Sep 222010
 

Que ce soit pour vanter une destination ou l’activité qu’on y pratique, le tourisme se pare d’un discours toujours positif, fait de promesses d’un bonheur instantané, de rêve illimité, d’intense épanouissement personnel.

Lorsqu’ils se réunissent en conclave, les professionnels tiennent un tout autre langage sur le monde qu’ils nous vendent. Il suffisait de se rendre au salon professionnel du tourisme cette semaine(*) pour en juger et constater à quel point nous vivons dans un monde de faux-semblants, où l’emballage fait le produit et même le client !

Un monde à vendre

Certes, cette manie est vieille comme le commerce (vendre c’est d’abord faire rêver) mais elle affecte désormais tous les secteurs (marchand ou non, matériel et immatériel) et a pris des proportions délirantes à partir des Trente Glorieuses et l’omniprésence de la publicité. Quel discours tiennent les pros du secteur, patron de T.O., presse et syndicats professionnels ?
A leurs lunettes, notre bel eden estival, notre inaliénable libre-arbitre, tous ces peuples du Sud qui ne désirent que nous faire partager leur monde ne sont que part de marché, concurrence féroce, réduction des coûts, conquête de nouvelles destinations, conception de nouveaux produits…
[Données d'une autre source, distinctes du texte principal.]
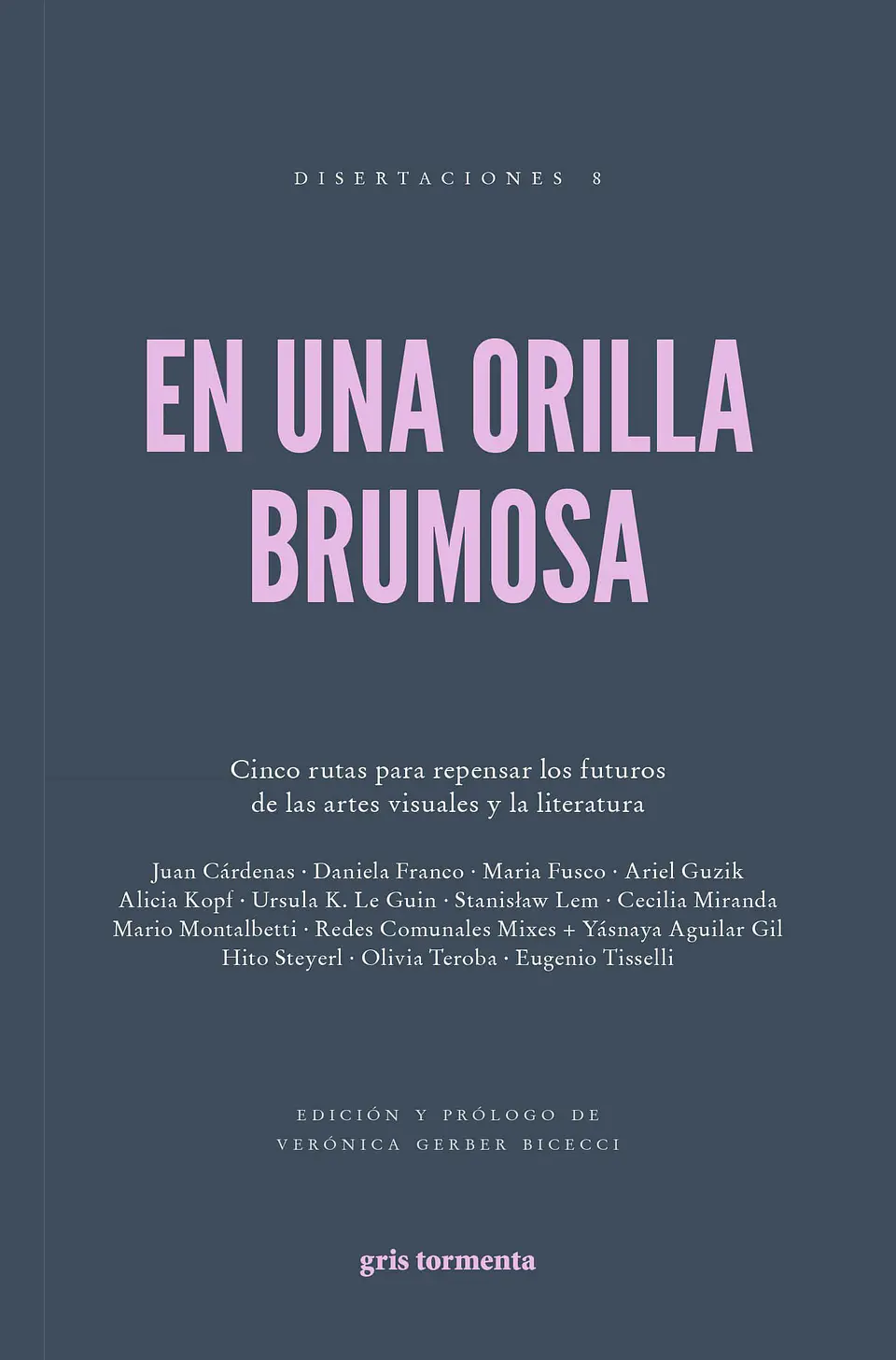 EN UNA ORILLA BRUMOSA 1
Lors du débat où étaient présentées les dernières statistiques du CETO on apprenait(**) :
– que notre liberté de déplacement est sévèrement sous contrôle. Les TO détestent les compagnies low-cost qui détournent leur clientèle captive des forfaits «all inclusive». Le Maroc, par ex., a subi une forte déforfaitisation, du moins en %.
– la liberté de choix est toute relative
En matière de tourisme « l’offre fait la demande »[dixit], à savoir, ce qui fait une destination, ce n’est pas le désir du client, mais le travail conjoint des pays récepteurs et des TO.
L’exemple récent le plus édifiant est sans doute celui de la République dominicaine qui en quelques années est parvenue à capter 400 000 touristes français. La Croatie est un autre exemple, tandis que d’anciennes destinations peuvent être brutalement sinistrées à cause d’une instabilité (Madagascar), d’une épidémie (H1N1 au Mexique) ou simplement d’un désintérêt (les Antilles éclipsées par la République Dominicaine). Bonjour les impacts socio-économiques et environnementaux de tels virages à 180°, pour ces destinations livrées aux lois du marché touristique.
Vu sous cet angle macroéconomique, le tourisme de masse balnéaire apparait comme la recherche du moindre coût, la délocalisation d’un service, le loisir de mer.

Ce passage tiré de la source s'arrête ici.